Übernachten in Hotels / Jugendherbergen / Pensionen: In den grossen Städten findet man immer günstige Pensionen oder Jugendherbergen, die Preise bewegen sich aber deutlich über dem Deutschen Niveau, 40 Euro pro Kopf muss man sicherlich einrechnen. Auf dem Land abseits der Zentren ist man auf das angewiesen was es gibt, was je nach Region ziemlich wenig sein kann! In touristischen Gegenden (gerade an der Küste) ist das natürlich nicht so das Problem, im Landesinnern jedoch schon.

Hat man die Zeit einen Urlaub zu planen ist es unablässig vorher zu schauen wo man in der Zielregion nächtigen kann ... Verbreiteter als Hotels sind wohl Ferienhäuser welche man mieten kann. Meist an kleinen Seen abseits der Zivilisation gelegen, bieten diese natürlich unheimlich Potential zu entspannen.

Nicht zuletzt gibt es auf den meisten grösseren Campingplätzen "Cabins" welche man mieten kann.

 

Wetter: Wie in allen nordischen Ländern kann das Wetter in Finnland gerne einmal verrückt spielen. Gute Regenklamotten sind also unerlässlich und ein Pullover mit dabei zu haben hat auch noch nie geschadet. Angeblich sollen die Klimatischen Bedingungen im Landesinnern beständiger sein als an der Küste, was sich jedoch bei unseren Reisen nicht bewahrheitet hat. Vielleicht liegt es ja auch an der Jahreszeit, denn wir hatten sowohl an der Küste wie auch im Landesinneren wechselhaftes Wetter.
Geografisch ist Finnland eher Flach, einzig im Norden und Nordosten gibt es Erhebungen die man fast schon als Berg bezeichnen könnte. Je weiter nördlich desto grösser und zahlreicher werden diese. Im Rest des Landes gibt es aber trotzdem immer mal wieder kleine Hügelketten, nicht hoch aber einfach nur platt ist es auch nicht. Obwohl die geografischen Verhältnisse im Land eine genaue Wetterprognose erlauben müssten ist dies leider nicht der Fall, Regen bei angekündigter Sonne und umgekehrt - alles schon erlebt.

 

Reise nach Finnland: Vom "Festland" aus ist Finnland lediglich im Hohen Norden oder über Russland trockenen Fusses zu erreichen, ansonsten mit dem Schiff oder dem Flugzeug.

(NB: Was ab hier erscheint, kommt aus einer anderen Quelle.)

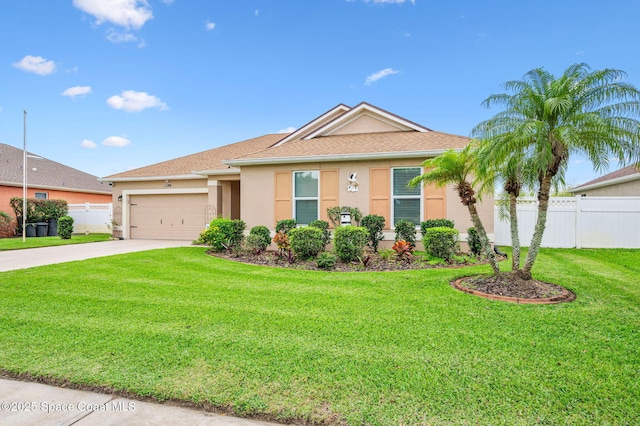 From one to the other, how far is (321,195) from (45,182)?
63.7ft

Mehrere Fährgesellschaften buhlen um die Überfahrt von Schweden und Finnland. Da diese auf Masse ausgelegt sind, schlägt ein Ticket für Auto und Besitzer mit ca. 30€ zu buche. Wer ein direktes Ticket nach Deutschland haben möchte, wo unter anderem die Häfen von Rostock oder Travemünde angefahren wird, muss jedoch schon etwas mehr einkalkulieren, da diese Verbindungen immer über 24h dauern und mit einer Kabinenmiete verbunden sind (Ausnahme, ab Travemünde gibt’s Ruhesessel, ob diese für die Nacht – Tag – Nacht fahrt aber geeignet sind, wir denken nicht).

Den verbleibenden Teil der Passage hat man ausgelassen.